いつの間にか、ロゼッタとリーゼの間に絆ができていたようだ。死線を乗り越えたことで関係性も変化したのだろう。
「じゃあ、シーくん、しばらく留守にするけど、これ以上、女の子を増やさないでね」
「ホントホント。シダンはその場で呼吸しているだけで、関係する女の子増えていくから、ボクたち気が気じゃないよ」
なんでいつのまにか、2人の息がぴったりなの?仲良くなりすぎじゃない?というか、しばらく留守ってやっぱり旅に出ようとしてるの?どういうことなの?
「「だから旅に出る前に…」」
2人が揃って俺を見つめてきた。
「ボクをシダンの恋人にしてほしいんだ」
「私をシーくんの恋人にしてほしいの」
真剣そのものの、そして唐突な、2人の言葉に、俺は面食らって、目を見開いて、固まることしかできなかった。

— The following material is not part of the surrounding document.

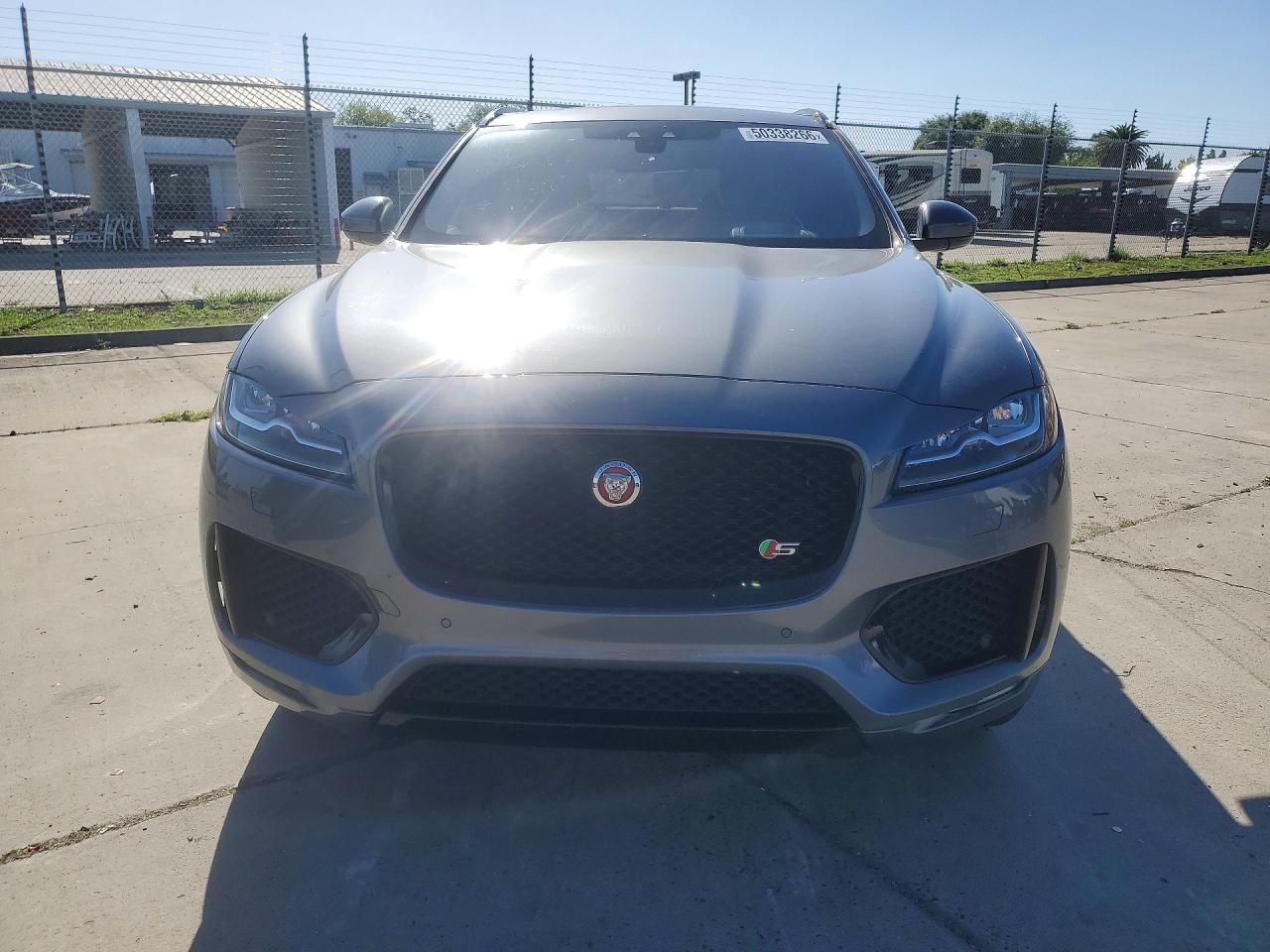 Jaguar F-PACE S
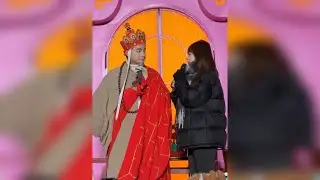 今天是御弟哥哥和美女们的跳舞局…… （天气寒冷，很多游客不能坚持到最后，提前离开，说话声音也被收了进去，影响了视频拍摄效果）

2人で旅に出るかと思ってあせっていたら、今度は2人に告白された??
今のは告白だよね?しかも2人同時って、どっかの5番目のRPGじゃないんだから、教会でセーブしてやり直しもできないのに…。あれ、最新機種だと3人なんだっけ?いや、そんな話じゃなくて。
今、言われて、いきなり選べる訳ないじゃん!まだ、ずっと先の話だと思ってたから…。
「参ったな…2人が大事なのは、間違いないんだけど…今は、まだ、そこまでの話は考えていなかったよ」
なんと答えればいいかわからなかった俺は、正直な気持ちをまず伝えることにした。
「いまのいまで、どちらか一方を選ぶと言うことは、2人に優劣付けちゃうってことじゃん?そんなのは無理だよ。だから選ぶのに、時間がかなり欲しい。その…勇気を出して言ってくれたのにゴメン」
俺のしどろもどろとした答えを聞くと、違うと、ロゼッタが首を振った。
「2人に優劣は付けなくていい」
「は?」
今度こそ、頭が真っ白になる。
「私、リーゼと話したけど、シーくんへの気持ちの強さ…感じたの…」
「ロゼットもすごいじゃん。事務をやりながら、釣り合うようにギフト磨いて、待ち続けたんだもん」
「そう、だからシーくん、2人とも恋人にして」
2人?恋人が2人?ちょっとわけがわかりません。
「ロゼッタとボク、平等に2人を恋人として扱って欲しい」
「シーくんがどっちかを選ぶなんて、いつまで経っても出来ないだろうから、だったらいっそ2人一緒に、リーゼと話して決めたの」
それって、要するにハーレム…。
「シーくん…あとリーゼから聞いたんだけど…」
「う、うん」
「アンさんと、ルカさんにも、不誠実なのはダメだからね。キチンと責任を取るなり、振るなりの決着をつけること。私の恋人が女の子にひどい仕打ちをしたまんまなのはイヤだから…」
俺の頭はさらなる、空転を始めた。責任を取る?責任を取るということは…?つまりはどういうことだってばよ?あまりにもフリーズし過ぎたのか、今度はリーゼが口を開いた。
「シダン、ライムちゃんの話をロゼッタにしたんだ」
「ライムちゃんの?」
「うん。ほら、ルカさんとアンも、ボクと同じ気持ちを持ってるって話しをしていたよね。そんな風にシダンが中途半端な気持ちにさせているのは、正直言って可哀想だと思う」
う、うん。特にアンについては、その…俺が悪いことをしてしまった気がする。
「ま、シダンはモテるし、階級7のハンターともなれば奥さんが何人もいるのは珍しくないし…狼人族は、もともと強い男が何人も奥さん持つのは抵抗ないし」
あっけらかんに言うリーゼ。ん?階級7?もしかして寝ている間に、また俺、上がったのか…。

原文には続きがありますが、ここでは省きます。